Dass Adam Smith (1723–1790) ewiger Junggeselle war, der bei seiner Mutter wohnte, liefert keine überraschenden Erkenntnisse. Aber um sein geistiges Werk erfassen zu können, ordnen Historiker den Mann aus Kirkcaldy an der schottischen Ostküste gerne in sein Zeitalter ein. Geschichtswissenschaftlerin Rothschild kommt dabei gar zum Fazit, Smith habe die Metapher der unsichtbaren Hand ironisch gemeint. Allzu abstrus erscheint der Gedanke nicht, wirft man einen Blick auf die Zeit, in der er wirkte. Smith lebte während der Aufklärung, einer Epoche, die bekannt war für das stets skeptische und kritische Hinterfragen von Staat, Gesellschaft, Religion und Wissenschaft. Ihre Vertreter betonten die Wichtigkeit der Vernunft.

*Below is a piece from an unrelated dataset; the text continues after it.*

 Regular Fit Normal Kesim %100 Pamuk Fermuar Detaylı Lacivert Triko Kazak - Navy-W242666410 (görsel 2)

Vernunft und Vorurteilslosigkeit spiegeln sich auch in Smiths Schrift «Die Theorie der ethischen Gefühle». In diesem, 20 Jahre vor seinem Opus magnum erschienenen Werk widmet er sich dem Charakter des Menschen. Als eine von dessen Fähigkeiten nennt und diskutiert Smith die Empathie. Dabei tritt auch seine Überzeugung von der Gleichheit der Menschen zutage: Im Gegensatz zu seinem engsten Vertrauten, dem Philosophen David Hume, der annahm, wir könnten nur jenen nachempfinden, die uns ähnlich sind, unterwirft Smith die Empathie keinen solchen Einschränkungen.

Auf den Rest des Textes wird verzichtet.